Vosotros sois los verdaderos caballeros, vosotros los nobles paladines que rompéis lanzas por la hermosura de nuestra alma. No negaremos una lágrima a vuestros dolores, ni un canto a vuestra memoria, ni el Supremo Juez os preguntará severo: ¿qué habéis hecho de la compañera que formé a mi imagen y semejanza?
No temáis, generosos campeones de la educación de la mujer, no temáis que vuestras lecciones se pierdan, ni que nuestros ojos se cierren a la luz de la verdad.

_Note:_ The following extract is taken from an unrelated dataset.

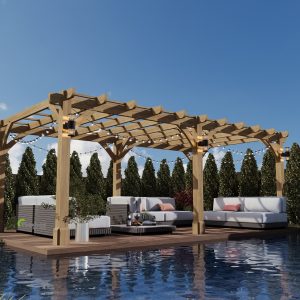 Two Bays Oak Pergola 3 m x 6 m - Crafted for timeless charm. Ideal for outdoor gatherings and relaxation. Buy now for enduring elegance.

Los hombres no han podido destruir la obra de Dios; adormecidas nuestras facultades, no están muertas. ¿No veis cómo por las rejas de ese calabozo, donde han querido encerrar nuestro entendimiento, se perciben los resplandores del fuego santo que arde en nuestra alma? ¿Cuándo, dónde se ha dicho a la mujer: «Marcha por esa difícil vía que conduce a un alto fin,» que la haya dejado desierta? Nos abristeis el camino del cielo, y llenamos los potros de mártires y los altares de santas. Nos declarasteis capaces de ejercer la caridad, y recogimos a los niños, y consolamos a los ancianos, y cuidamos a los enfermos, y auxiliamos a los moribundos. ¿Cuándo nos habéis otorgado vuestra confianza, que faltemos a ella? ¿Cuándo habéis aligerado el peso de nuestra cadena, que no demos un paso hacia el bien?

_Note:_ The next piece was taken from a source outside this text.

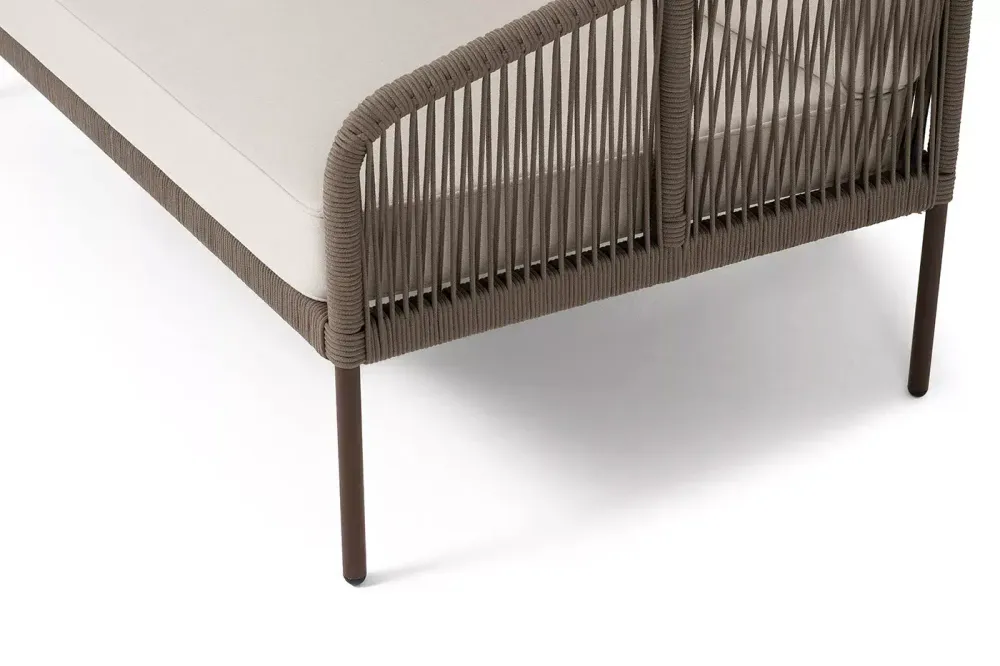 "Канны" левый модуль плетеный из роупа, каркас алюминий коричневый (RAL8016) муар, роуп коричневый круглый, ткань бежевая 035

El hombre, a medida que se ha civilizado, ha refinado sus gustos, y ha sentido la necesidad de que la mujer tomase parte en los espectáculos que le divierten. Le ha permitido que baile, y cante, que toque y que declame. En las regiones de arte, la ha visto elevarse tanto como él, y ha gozado del placer sin sospechar que encerraba una lección. Y la lección era, no obstante, bien clara. La mujer ha recorrido con paso firme todos los buenos caminos que no se le han cerrado. Ha sido mártir, santa, sacerdotisa de la caridad y artista: no le habéis dejado ser más, hombres que ni aún sabéis ser egoístas; abridle nuevas vías, y las reconocerá; esto es lo que dice la lógica, el simple buen sentido.
Los que intentan educar a la mujer como a un ser racional e inteligente, han emprendido una tarea ardua, un trabajo rudo; pero el objeto es alto y el éxito, más o menos remoto, seguro. Apresurémosle nosotras con la buena voluntad y la perseverancia; procuremos vencer nuestros hábitos de frivolidad y holganza intelectual, persuadiéndonos de que el saber es estudio, y el estudio es trabajo. Demos a nuestros maestros la prueba de gratitud más profunda, la recompensa más dulce, utilizando sus lecciones, y prestando con nuestros progresos argumentos poderosos que puedan arrojar a la cara de sus adversarios. Tendremos que luchar con muchas dificultades, y que habérnoslas con un enemigo vil que a veces es poderoso: el ridículo; mas aprendamos a despreciarle, y comprenderemos que no hay razón para temerle. El ridículo es como los gases mefíticos de la cueva del perro: no matan sino a los que caminan a flor de tierra; levantemos la frente al cielo y le dejaremos muy por debajo, respirando en las regiones serenas de la inteligencia.